All sorts of crazy people joined in with this. I met cartoonist R. Crumb, Timothy Leary (Tune In, Turn On, Drop Out) Abbie Hoffman (who later, before he went on the lam, lived for awhile with his wife Anita Kushner in Sag Harbor), Ed Sanders, Tuli Kupferberg (who wrote an absolutely outrageous and pornographic book that I felt almost embarrassed to read-—and here I was in freedom-of-everything-central) and a host of others from nudists, musicians (one woman, Charlotte Moorman, played the cello naked), rock promoters and rock stars and all manner of other characters.
However, my time was relatively short at EVO. I left for the sunshine in April, by which time the paper was selling 8,000 copies a week and getting more outrageous and raunchier by the minute. Meanwhile, I was expanding Dan’s Papers to Westhampton, the North Fork and even to Block Island (The Block Island Times, which I founded, is still in business today. I sold it years ago. It is now a well-respected and official newspaper on that island.)

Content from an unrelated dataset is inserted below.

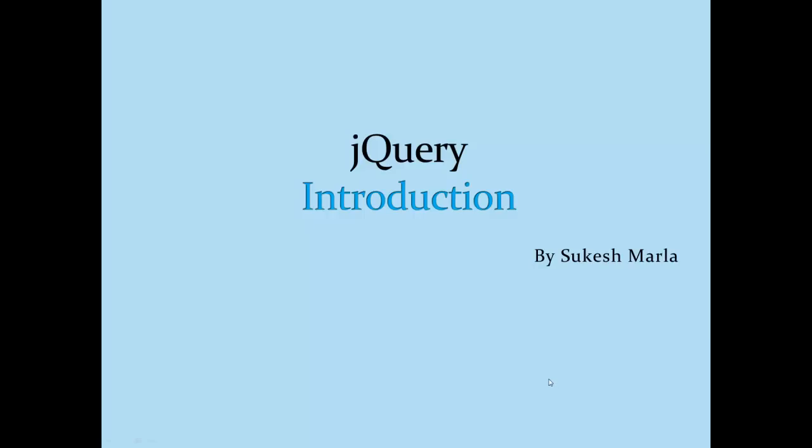Hi everyone, welcome to the Learn jQuery video series. My name is Sukesh Marla and today we will start with the very first lesson of this series: introduction to jQuery.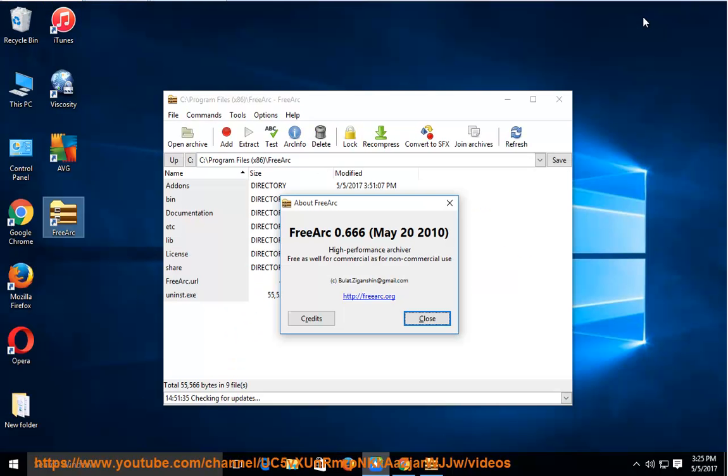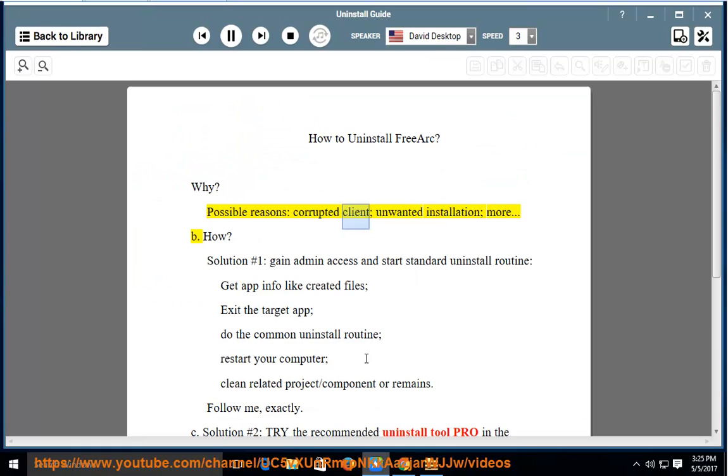How to Uninstall FreeArc. Why? Possible reasons include a corrupted client or an unwanted installation.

As for my three shares of stock, I eventually sold it at a moment around 1970 when EVO was printing 60 pages and selling 30,000 copies weekly. I sold it to a man who was the twin brother of one of the other founders, an accountant at a shoe company and with whose expertise we had started the company. He paid me the $500 I had invested for it.
Next Tuesday will largely be a reunion of all the people who came to be part of EVO in the years that followed. I was there five months. There are lots of wild accounts that begin, “when I arrived in 1968, I found…” Almost none of these people were there at the start. I intend to have a really great time, and my only regret is that this event takes place on a Tuesday, at a time when I am supposed to be in Southampton overseeing the editorial part of Dan’s Papers, and staying until we get it off, at the push of a button, to the printer in New Jersey.
I intend to take the day off though. The staff can do it without me that day.
This event is open to the public. To attend, go online to www.eastvillageother.org and reserve tickets. This is going to be quite the scene.